▸ **WHAT YOU NEED TO DO**:
The records below are to be transcribed exactly, with the pictures removed.

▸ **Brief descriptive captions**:
━━━━━━━━━━━━━━━━━━━━━━━━━━━━━━

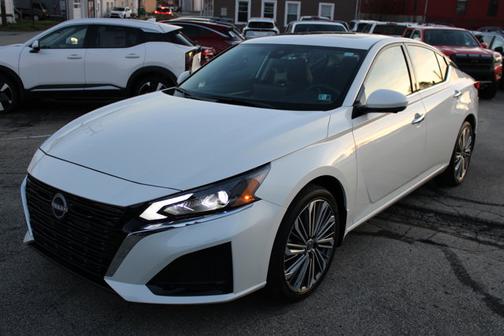 2025 Nissan Altima SL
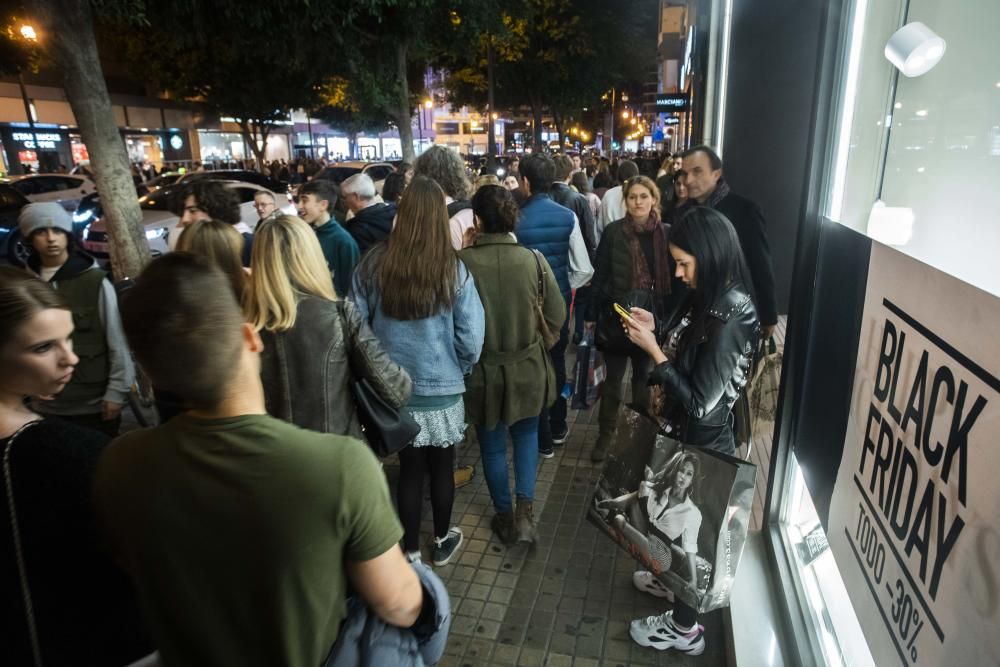 Atascos en València por el 'Black Friday'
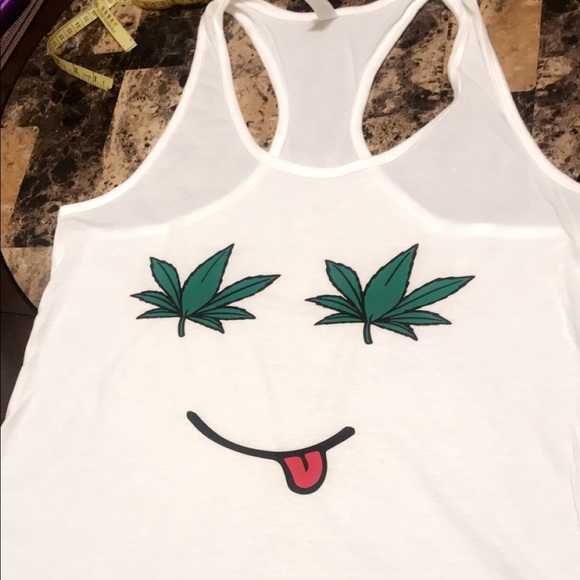 Weed Smiley Face Razorbacks - Picture 2 of 3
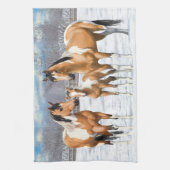 Buckskin Paint Horses in sneeuw Theedoek (Verticaal)
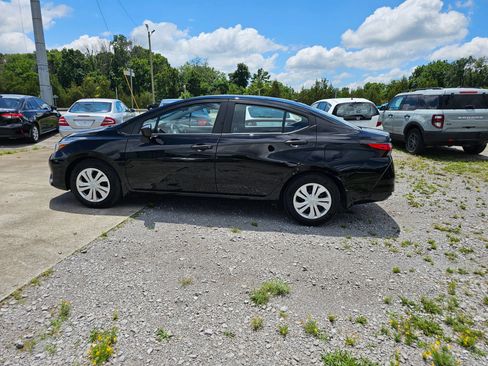 Used 2024 Nissan Versa S w/ Trunk Package FWD image 18
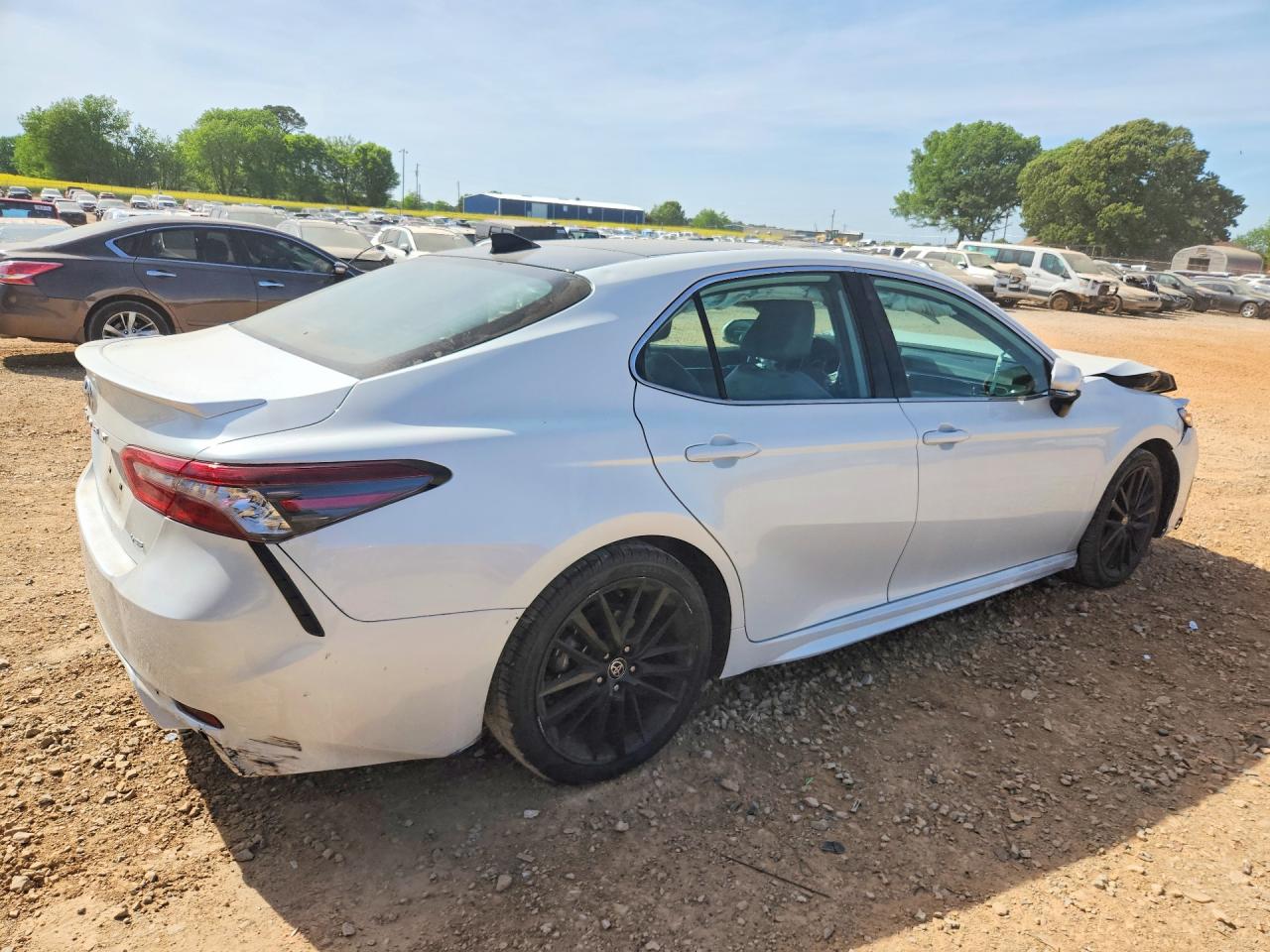 2022 TOYOTA CAMRY XSE photo 7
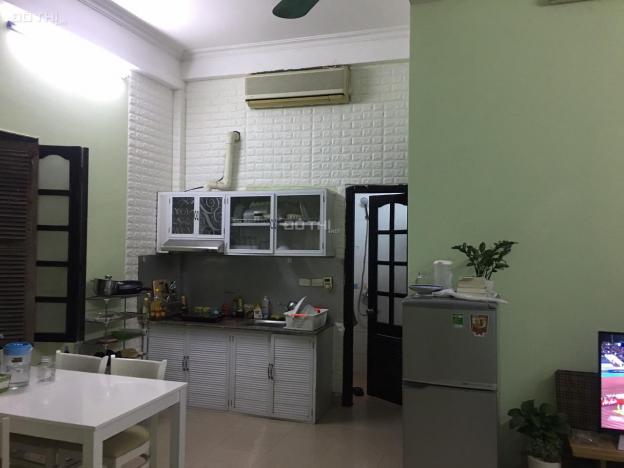 Cho thuê nhà riêng phố Đặng Thái Thân, 90m2, 2 ngủ, 1 khách, full đồ nội thất cao cấp. Giá 10tr 13234167
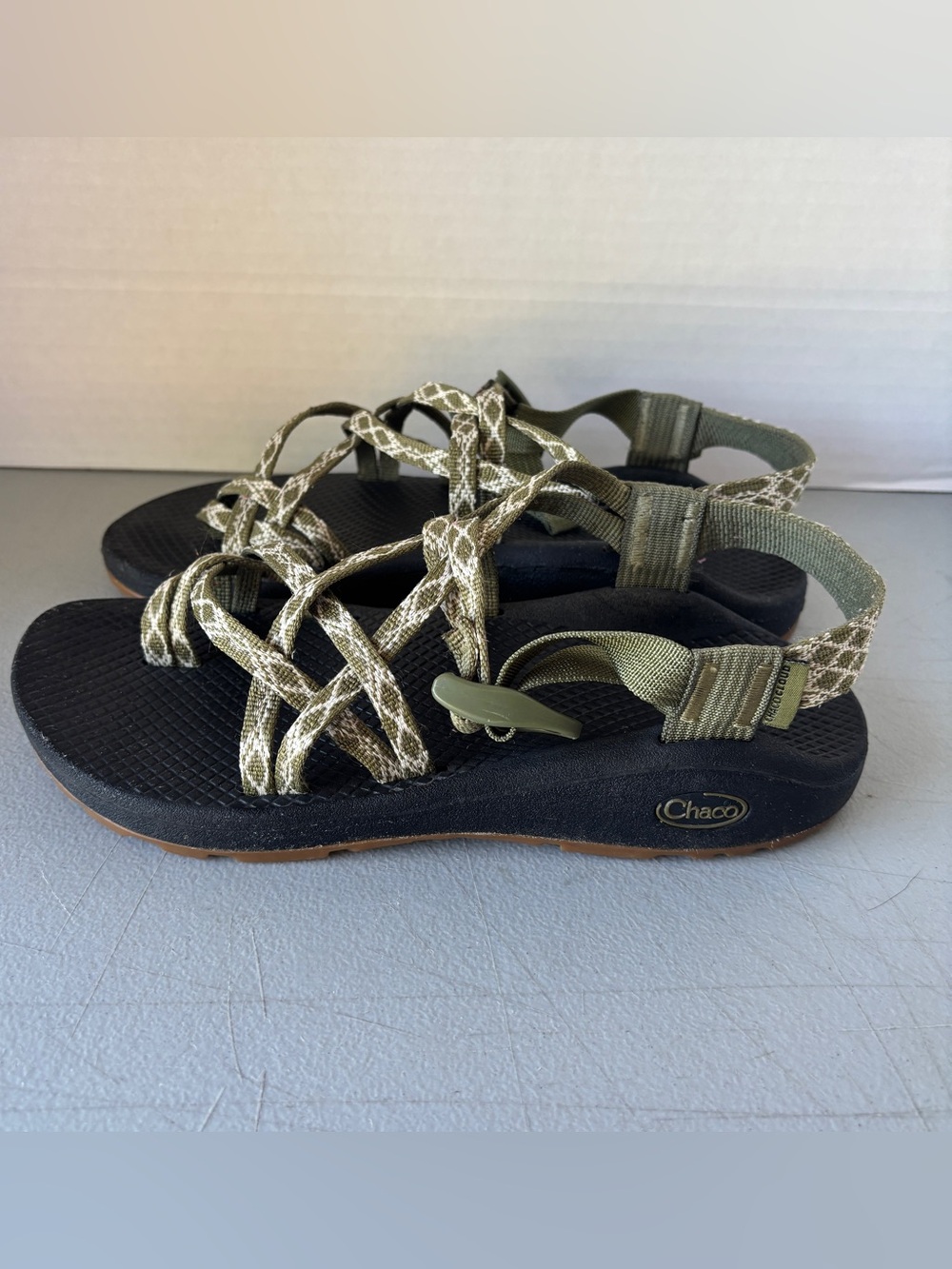 Chaco Classic Green Adjustable Hiking Sandals Shoes Women’s Size 9 Water Shoes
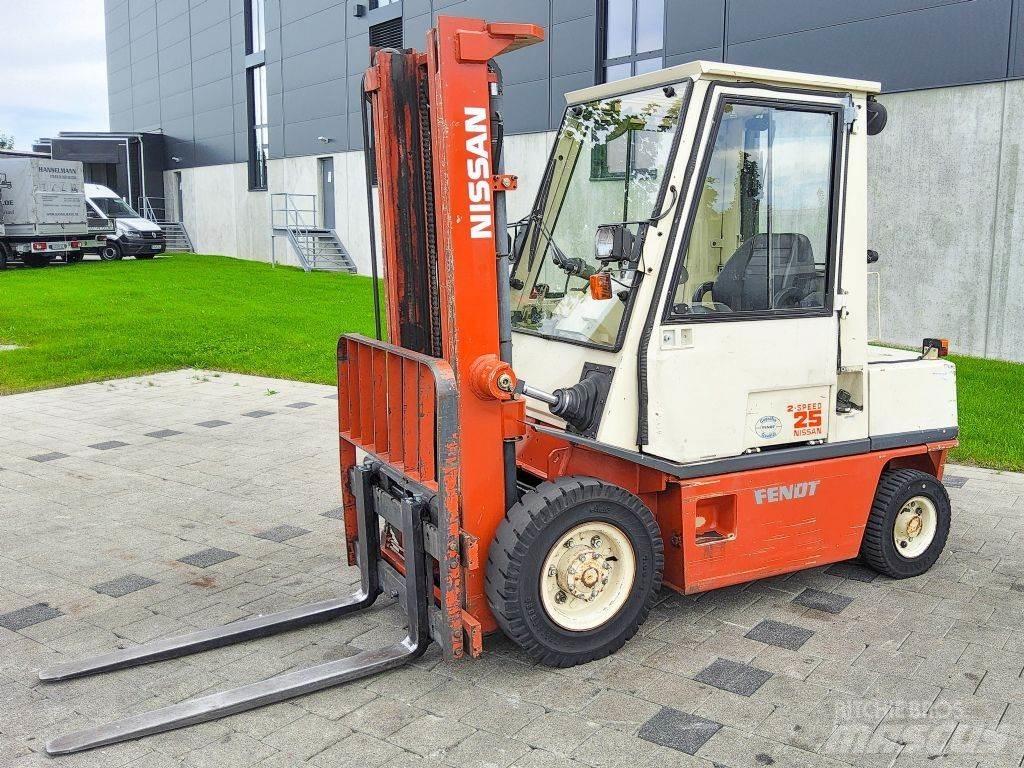 Nissan EH02F25U Diesel heftrucks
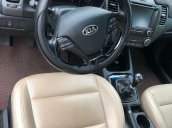 Cần bán Kia Cerato đời 2016, màu trắng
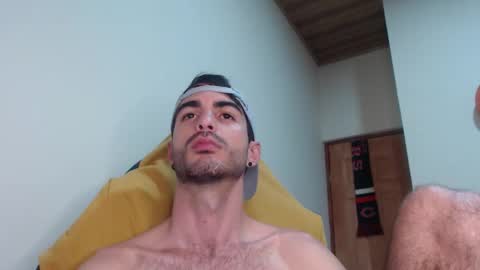 Snapshot of therazhanen chatting on 18, 1, 2026 Santiago Enrique online show from 18, 1, 2026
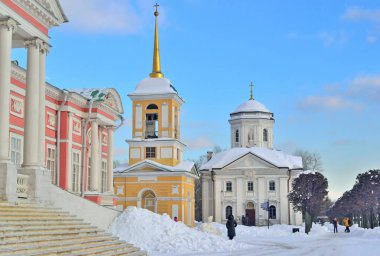 Kuskovo malikanesinde Kont Sheremetov Chapel, kilise ve saray, 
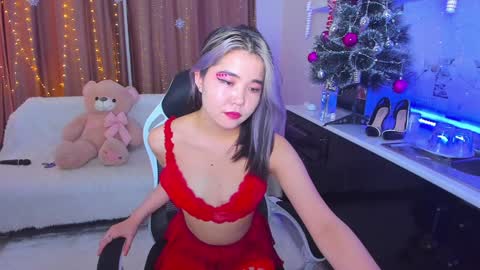 Snapshot of dollyiaa chatting on 12/24/24, 10:44 Dollya online show from 12/24/24, 10:44
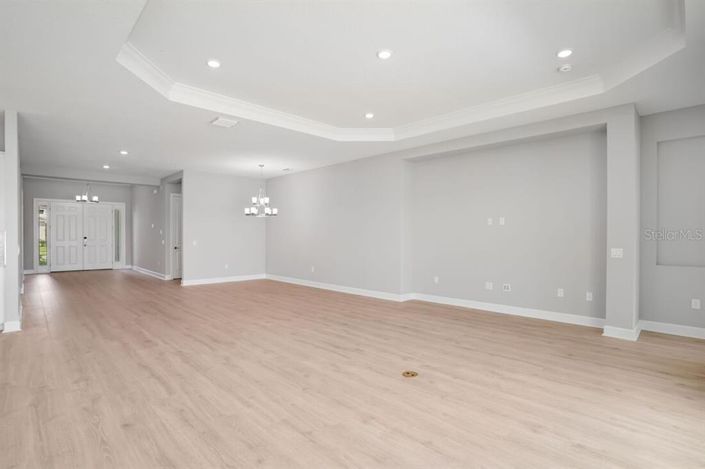 Image No.27-3 Bed Property for sale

━━━━━━━━━━━━━━━━━━━━━━━━━━━━━━

▸ **COMPLETED TASK**:
 2025 Nissan Altima SL
 Atascos en València por el 'Black Friday'
 Weed Smiley Face Razorbacks - Picture 2 of 3
 Buckskin Paint Horses in sneeuw Theedoek (Verticaal)
 Used 2024 Nissan Versa S w/ Trunk Package FWD image 18
 2022 TOYOTA CAMRY XSE photo 7
 Cho thuê nhà riêng phố Đặng Thái Thân, 90m2, 2 ngủ, 1 khách, full đồ nội thất cao cấp. Giá 10tr 13234167
 Chaco Classic Green Adjustable Hiking Sandals Shoes Women’s Size 9 Water Shoes
 Nissan EH02F25U Diesel heftrucks
 Cần bán Kia Cerato đời 2016, màu trắng
 Snapshot of therazhanen chatting on 18, 1, 2026 Santiago Enrique online show from 18, 1, 2026
 Kuskovo malikanesinde Kont Sheremetov Chapel, kilise ve saray, 
 Snapshot of dollyiaa chatting on 12/24/24, 10:44 Dollya online show from 12/24/24, 10:44
 Image No.27-3 Bed Property for sale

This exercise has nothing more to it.